Is this clear writing? It’s exams time and my brain is on fog.
My spouse and I have a bit of a rule breaking argument ourselves. Sometimes the park in my neighborhood has the chain across the entrance. But for no apparent reason. I think sometimes someone forgets to put down the chain or they just have it up to keep people from driving into the park at certain days/times. My spouse considers this an unbreakable rule, and will take our son home crying because he doesn’t want to “teach him it’s OK to trespass.” I think it’s just completely silly and if I saw a legitimate reason not to be in the park (broken glass, etc… which often happens anyway WITHOUT the chain being there), then I’d leave. I think it’s important to understand the rules and why they are there and evaluate their breakable-ness as Giliell says.

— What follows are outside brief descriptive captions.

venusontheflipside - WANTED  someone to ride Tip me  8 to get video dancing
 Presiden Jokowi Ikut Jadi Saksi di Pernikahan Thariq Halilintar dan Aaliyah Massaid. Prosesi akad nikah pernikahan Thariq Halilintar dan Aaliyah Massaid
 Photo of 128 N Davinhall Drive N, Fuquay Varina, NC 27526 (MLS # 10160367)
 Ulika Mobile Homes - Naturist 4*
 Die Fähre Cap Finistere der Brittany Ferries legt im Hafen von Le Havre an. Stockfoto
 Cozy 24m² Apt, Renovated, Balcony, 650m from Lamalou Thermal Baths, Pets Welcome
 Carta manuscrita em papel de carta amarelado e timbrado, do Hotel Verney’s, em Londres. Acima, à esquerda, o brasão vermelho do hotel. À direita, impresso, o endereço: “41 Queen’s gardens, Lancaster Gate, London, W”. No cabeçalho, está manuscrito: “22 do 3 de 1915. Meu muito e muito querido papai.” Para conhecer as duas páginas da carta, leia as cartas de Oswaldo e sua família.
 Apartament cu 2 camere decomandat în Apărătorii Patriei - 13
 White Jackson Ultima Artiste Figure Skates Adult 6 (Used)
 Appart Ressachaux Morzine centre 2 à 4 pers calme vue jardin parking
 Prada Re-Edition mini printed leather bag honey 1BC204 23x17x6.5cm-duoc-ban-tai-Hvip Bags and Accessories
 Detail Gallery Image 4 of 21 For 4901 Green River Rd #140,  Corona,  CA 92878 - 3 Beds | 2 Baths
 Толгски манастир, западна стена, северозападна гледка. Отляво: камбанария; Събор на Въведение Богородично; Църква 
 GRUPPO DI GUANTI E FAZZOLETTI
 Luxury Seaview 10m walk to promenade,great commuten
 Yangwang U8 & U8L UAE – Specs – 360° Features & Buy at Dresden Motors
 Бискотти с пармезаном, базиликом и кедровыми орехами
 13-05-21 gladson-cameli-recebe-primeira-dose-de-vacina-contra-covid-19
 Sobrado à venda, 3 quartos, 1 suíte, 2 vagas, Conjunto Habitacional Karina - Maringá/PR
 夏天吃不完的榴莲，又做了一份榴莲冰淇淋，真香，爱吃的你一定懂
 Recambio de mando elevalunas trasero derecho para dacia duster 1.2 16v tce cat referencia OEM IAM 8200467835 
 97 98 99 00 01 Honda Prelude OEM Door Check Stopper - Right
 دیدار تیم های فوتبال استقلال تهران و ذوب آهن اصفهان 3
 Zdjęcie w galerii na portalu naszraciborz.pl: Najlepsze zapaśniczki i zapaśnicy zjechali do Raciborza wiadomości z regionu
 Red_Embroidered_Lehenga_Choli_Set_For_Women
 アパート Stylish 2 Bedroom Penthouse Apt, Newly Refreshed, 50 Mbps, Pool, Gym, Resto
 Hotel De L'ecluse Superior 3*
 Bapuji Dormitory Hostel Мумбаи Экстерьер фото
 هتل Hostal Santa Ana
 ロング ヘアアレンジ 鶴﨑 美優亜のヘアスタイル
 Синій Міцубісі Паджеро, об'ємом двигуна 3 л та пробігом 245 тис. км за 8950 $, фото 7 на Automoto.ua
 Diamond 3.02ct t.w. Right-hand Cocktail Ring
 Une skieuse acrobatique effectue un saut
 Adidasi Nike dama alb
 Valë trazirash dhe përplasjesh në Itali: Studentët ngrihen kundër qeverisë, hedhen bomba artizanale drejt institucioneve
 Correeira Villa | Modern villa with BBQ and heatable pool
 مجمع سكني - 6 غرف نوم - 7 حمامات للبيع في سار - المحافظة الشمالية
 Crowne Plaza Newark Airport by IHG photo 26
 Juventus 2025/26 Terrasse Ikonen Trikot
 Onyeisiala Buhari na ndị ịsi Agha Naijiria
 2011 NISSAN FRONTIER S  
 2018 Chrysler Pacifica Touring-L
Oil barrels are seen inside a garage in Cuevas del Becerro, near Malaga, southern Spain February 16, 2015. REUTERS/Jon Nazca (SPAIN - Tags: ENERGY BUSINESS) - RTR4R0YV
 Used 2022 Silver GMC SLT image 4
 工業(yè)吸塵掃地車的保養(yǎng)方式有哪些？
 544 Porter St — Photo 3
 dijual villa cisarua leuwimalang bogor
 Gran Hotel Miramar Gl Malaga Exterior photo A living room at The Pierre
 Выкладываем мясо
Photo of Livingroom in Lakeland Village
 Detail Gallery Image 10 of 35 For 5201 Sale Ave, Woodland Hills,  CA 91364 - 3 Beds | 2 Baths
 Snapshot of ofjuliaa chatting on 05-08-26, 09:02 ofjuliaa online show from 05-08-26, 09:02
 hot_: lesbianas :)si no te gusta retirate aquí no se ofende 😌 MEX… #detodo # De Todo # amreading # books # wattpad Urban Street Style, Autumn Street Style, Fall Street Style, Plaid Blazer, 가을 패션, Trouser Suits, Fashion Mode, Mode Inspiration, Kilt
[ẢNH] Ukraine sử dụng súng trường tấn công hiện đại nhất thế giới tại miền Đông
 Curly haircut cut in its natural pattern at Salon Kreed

Hehe, when Mr. and I visited Ireland and Scotland we had a hard time understanding that gates and such were often meant to keep lifestock INSIDE and not people OUTSIDE. A few times while hiking we would meet farmers and politely ask abou whether it was OK to enter (especially since the hiking trail passed right through this piece of land) and they would look at us as if we were a few cards short of a full deck.
Also, my grandparents were caught trespassing in their late seventies and early eighties.
That’s kind of what I was getting at. Thinking about rules, and knowing when to obey, and when to disobey, those are the skills we need to teach our kids.
And it’s fine if the kids get these wrong sometimes, because you learn more by fucking up than you do by getting things right.
Also they should probably get them wrong on smaller things, like crossing the chain into a closed park, rather than skipping their seat belt at the wrong time!